Net income attributable to Cummins was $289 million ($1.72 per diluted share). The loss contingency charge, net of its impact on compensation plans, reduced diluted earnings per share by 30 cents. The tax rate in the third quarter of 2016 was 21.5%. Net income in the third quarter of 2015 was $380 million ($2.14 per diluted share).
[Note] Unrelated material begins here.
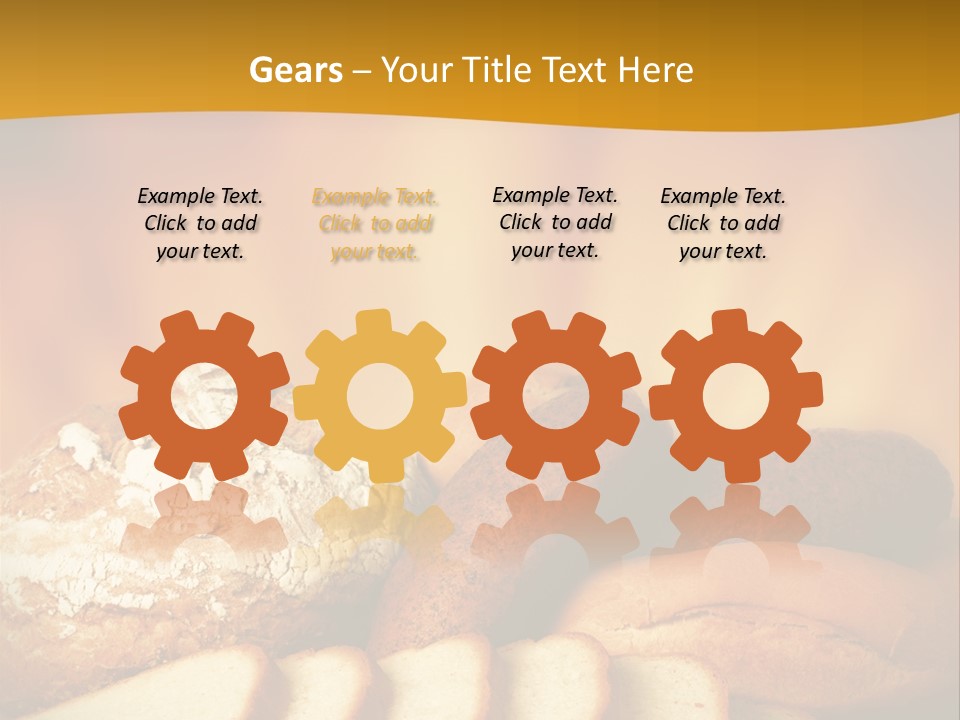 A Plate Of Bread With Slices Of Bread On It PowerPoint Template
“Due to the slow pace of growth in the global economy, we continue to face weak demand in a number of our most important markets,” says Cummins Chairman and CEO Tom Linebarger. “The restructuring actions that we initiated in the fourth quarter of 2015, combined with strong execution on material cost reduction initiatives, productivity gains and improvements in product quality are all helping to mitigate the impact of weaker revenues. We are on track to deliver our goal of 25% decremental EBIT margin for the full year 2016, as a result of strong operational performance in very challenging economic conditions. We have returned $1.3 billion to shareholders so far this year, through a combination of dividends and share repurchases, consistent with our plans to return 75% of operating cash flow to shareholders in 2016."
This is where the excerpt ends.